Une chorale de seniors entonne une chanson dans un réfectoire. À l’étage, l’un d’eux, Ekkerhart, peste contre les sorties de secours fermées à clé. Métaphore des personnages (et du spectateur) qu’Ulrich Seidl s’évertue à piéger dans des situations sordides ?

Né à Vienne en 1952, Ulrich Seidl fête ses septante ans cette année. Il ne quitte pas la veine d'un cinéma frontal et sans concession qu'il creuse depuis Dog Days (2001), pour le versant fictionnel d'une œuvre qui fait aussi des incursions dans le documentaire – entremêlant parfois les deux.

Le home, décor de départ de Rimini, est rapidement quitté pour suivre Richie Bravo (Michael Thomas), le fils d'Ekkerhart. Après avoir assisté aux obsèques de sa mère, ce crooner de resort retourne à Rimini, où il exerce son activité pour les cars de (vieilles) touristes allemandes qui se pâment comme des midinettes. Occasionnellement, Richie ne dédaigne pas accorder ses faveurs à l'une ou l'autre. Une manière d'améliorer l'ordinaire.

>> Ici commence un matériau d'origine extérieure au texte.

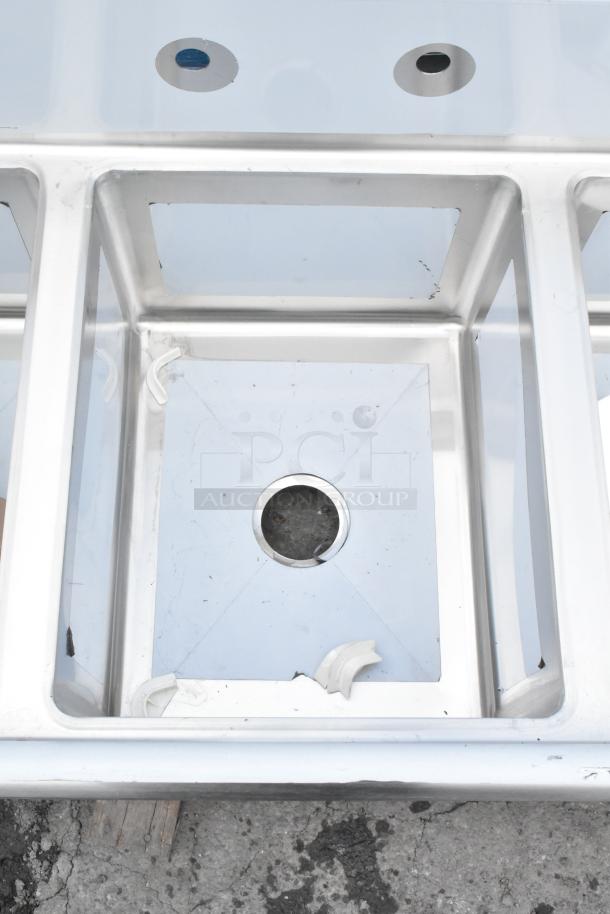 BRAND NEW Regency 600S31620218 three-compartment stainless steel sink with 2 drainboards, galvanized steel legs, scratch and dent.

Sa fille Tessa (Tessa Göttlicher), qu’il n’a plus vue depuis douze ans et pour laquelle il n’a jamais payé de pension alimentaire, débarque et lui réclame son dû : 30 000 euros. Richie n’en a pas le premier centime malgré ses activités. Pour réunir la somme, il ira jusqu’au bout de l’abjection en vieux renard rompu à sa survie.

Peinture sans concession

Ulrich Seidl recycle des thèmes de ses films précédents, peinture peu amène d'une société occidentale où dominent, sous son regard, la solitude et le mercantilisme. Le sexe tarifé pour troisième âge était déjà présent dans Import-Export (2006) et dans Paradis : Amour (2012).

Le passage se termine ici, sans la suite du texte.